I don't think this is the night for especially hard or tricky questions. Let me -- let's talk a little sense of history. FDR said of great presidents that they are leaders of thought at times when certain ideas of a nation had to be clarified. Ms. Drew, does that seem to define Ronald Reagan pretty well?

ELIZABETH DREW, JOURNALIST: I think it does, Aaron. The striking thing about Ronald Reagan's presidency is he really filled both roles to the fullest, whether one agreed with him or not. He understood the role of the president as head of state. He understood the symbolism of statecraft, of being the head of state. Mike Deaver told me once that before Reagan made any entrance, he would throw his shoulders back. He understood how to be and appear to be a leader.

He was also a very good and shrewd politician. But most of all, Reagan was a revolutionary. He, like his compatriots -- that was so striking today, Mr. Gorbachev and Mrs. Thatcher -- were visionaries, even revolutionaries. And they all remade the world that they inherited.

BROWN: Do you think -- it's too early to talk about how history will write the story, but is he in that category of great, do you think, Mary?

MARY SAROTTE, HISTORIAN: I think that he -- he is, although the -- obviously, we buried the man today. You don't want to speak ill of the dead.

BROWN: Right.

SAROTTE: Today is the day to think about his accomplishments. I think the audit of history will be more critical than the coverage we've seen recently.

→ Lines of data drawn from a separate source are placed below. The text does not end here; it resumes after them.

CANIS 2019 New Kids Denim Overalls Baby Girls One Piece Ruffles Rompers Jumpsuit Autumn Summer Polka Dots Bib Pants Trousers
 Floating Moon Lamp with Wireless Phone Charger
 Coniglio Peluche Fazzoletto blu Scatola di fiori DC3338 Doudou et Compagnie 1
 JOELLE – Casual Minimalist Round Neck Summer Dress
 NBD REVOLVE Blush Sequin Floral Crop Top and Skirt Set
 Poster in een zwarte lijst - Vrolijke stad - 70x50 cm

BROWN: It'll certainly be more complex.

SAROTTE: Yes.

BROWN: There's a difference between beloved, which clearly he was, and greatness, which is a much more complicated matter.

SAROTTE: Absolutely. This president is, as we've seen this week, beloved as few have been. I don't think that that will ever change, his standing with the American people. What will come out when the grieving is past is a more critical assessment of his -- his -- the deficits, foreign policy. But today's not a day, really, to talk about those topics.

BROWN: I agree. Kevin, out in California, were there times, as the governor of California, where -- was he a different leader in those times than he became when he became president, or were all the markers there even then?

KEVIN STARR, HISTORIAN: Well, of course, the governor has a more narrow base than the president of the United States, but even from the beginning, Ronald Reagan, once he adopted a kind of laissez-faire Republicanism, the Republicanism of southern California, a suburban Republicanism, if you will, that had a laissez-faire attitude towards a lot of questions, he stayed on that message. He stayed on that message that California was good and needed to be corrected and then, of course, later, he stayed on the message that America was good but needed to be corrected. And of course, later, even beyond, as president, the world had possibilities within it but needed deep correction.

BROWN: Elizabeth, I think you started to talk about this a moment ago. There is that thing about Mr. Reagan that as the head of the state, as the ceremonial head of state -- and we embody them both in the American government, the political leadership and the head of state -- he had the most perfect pitch I have -- I can imagine. He seemed to understand that part as well as any person in our history.

DREW: Oh, I think that's right. He understood the Americans' desire for the presidency to be a dignified and even majestic office. He understood symbolism. I think -- and this is not at all derogatory. I think his movie career put him in very good stead. He understood that he was playing a role, or as he would have put it, the role of a lifetime.

BROWN: Yes.

DREW: And he knew how to play that role.

BROWN: Getting down to our last seconds, I'm curious. You're the youngest in the -- in this group. What did you learn this week that you didn't know before?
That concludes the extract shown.